While he took heavy inspiration from the reboot's source material, that wasn't the end-all-be-all of his pre-production process. He continued, "When I was thinking about how to create a movie version of this, it needed to be more than the game. There needs to be different plugins, you need to give an audience something different. Otherwise, you might as well stay at home and play the games because the games are f***ing great. And they're scary."

John Carpenter's Influence

Resident Evil: Welcome To Raccoon City has one thing that the video games don't: Roberts' personality. The writer-director expressed, "The thing that I really wanted to do is bring my personality to it and bring my film references to it I'm a huge John Carpenter fan. And I really, really leaned into that. The thing that I love about Carpenter is his humor. I wanted to bring that into the movie and it's a very funny movie. And I don't think people will have realized that quite from the marketing material."
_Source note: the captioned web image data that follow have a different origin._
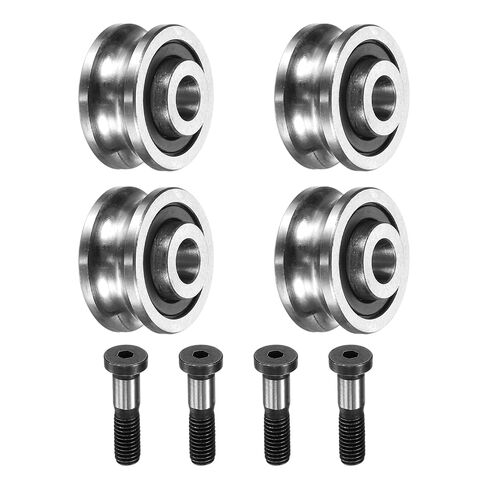 PATIKIL 4 Pcs U Groove Bearings, 4x13x6mm Rail Ball Bearings Groove Guide Pulley Bearing Steel Replacement for Rail Track Linear Motion System Printing Project ABEC1 in Kuwait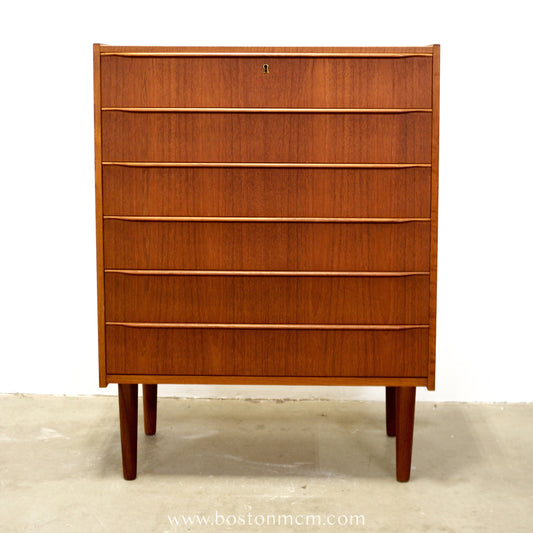 Danish Teak Six Drawer Dresser - #A1684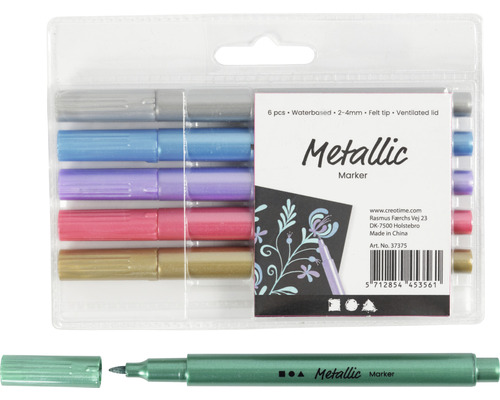 Metalen markers, 6 stuks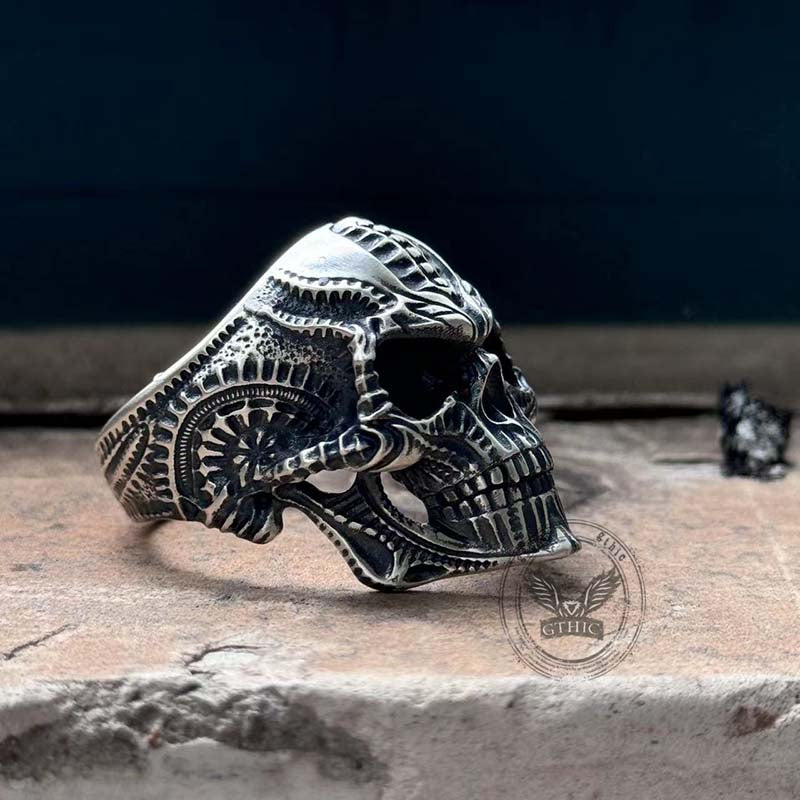 Steampunk Sterling Silver Skull Ring | Gthic.com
Giving more insight into his film inspirations, Roberts named the top Carpenter movies that sparked Welcome To Raccoon City's development. "Its references are so Precinct 13. There's also some Little Big Trouble in Little China, which is a very, very funny movie. It's quirky, it's odd, especially the music choices. There's a whole massive action sequence that's scored to Crush by Jennifer Page — this massive 90 song and it just has a very unique and odd personality. This movie is quite bonkers in its own way, but it's also a scary horror movie. It's its own thing and it very much has my personality imprinted on it. I hope people fall in love with it as much as I have."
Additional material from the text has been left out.